Implementation:Ggml org Ggml Cpu wasm quants
Metadata
| Field | Value |
|---|---|
| Page Type | Implementation (Architecture-Specific SIMD) |
| Knowledge Sources | GGML |
| Domains | ML_Infrastructure, Tensor_Computing, SIMD_Optimization |
| Last Updated | 2025-05-15 12:00 GMT |
Overview
WebAssembly SIMD128-optimized quantization, dequantization, and dot product routines for GGML quantized tensor formats, enabling fast inference in web browsers and WASM runtimes.
Description
arch/wasm/quants.c implements WebAssembly SIMD128-specific acceleration for GGML quantization operations, targeting web browsers and WASM runtimes that support the SIMD128 proposal.

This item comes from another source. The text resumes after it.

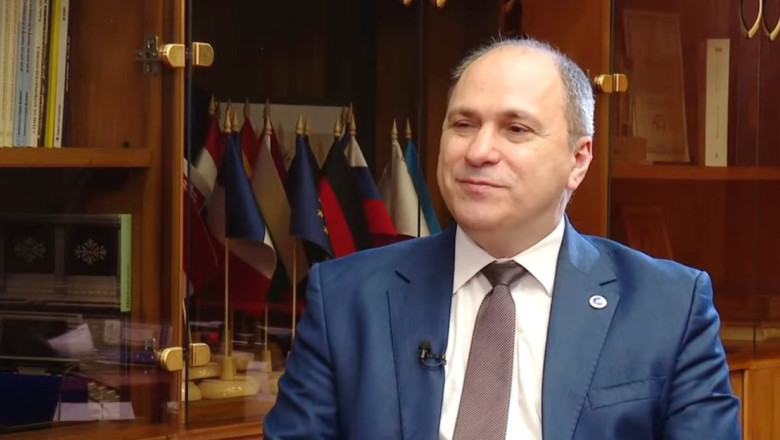 Mihai Dimian vrea să oprească bursele sociale în vacanțe. Peste 840.000 de copii vulnerabili ar putea pierde sprijinul – Aleph News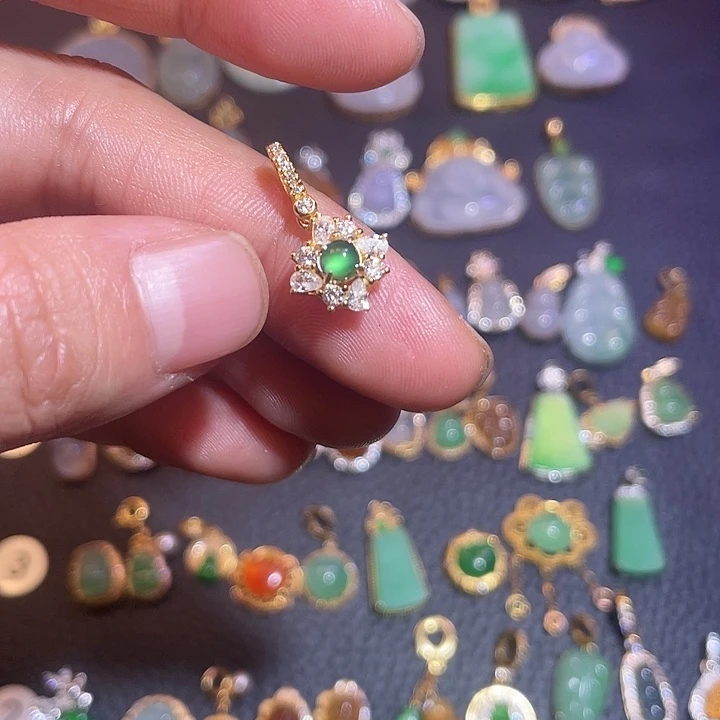 翡翠银S925镶嵌颈饰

The implementation uses the wasm_simd128.h intrinsics API, working with 128-bit v128_t vectors (4x float32):
wasm_v128_load-- load 128 bits from memorywasm_f32x4_abs/wasm_f32x4_max-- absolute value and element-wise maximumwasm_f32x4_mul/wasm_f32x4_splat-- multiply and broadcast scalarwasm_i32x4_trunc_sat_f32x4-- saturating float-to-integer truncationwasm_f32x4_extract_lane/wasm_i32x4_extract_lane-- extract scalar from lane
The quantization pattern follows the standard approach used across all architectures: load eight groups of four floats, find the block maximum via tree reduction, compute a scale factor, multiply-and-round to integer, and store packed results. The WASM implementation notably uses wasm_i32x4_trunc_sat_f32x4 for float-to-int conversion (truncation rather than rounding), requiring the scale to be pre-adjusted.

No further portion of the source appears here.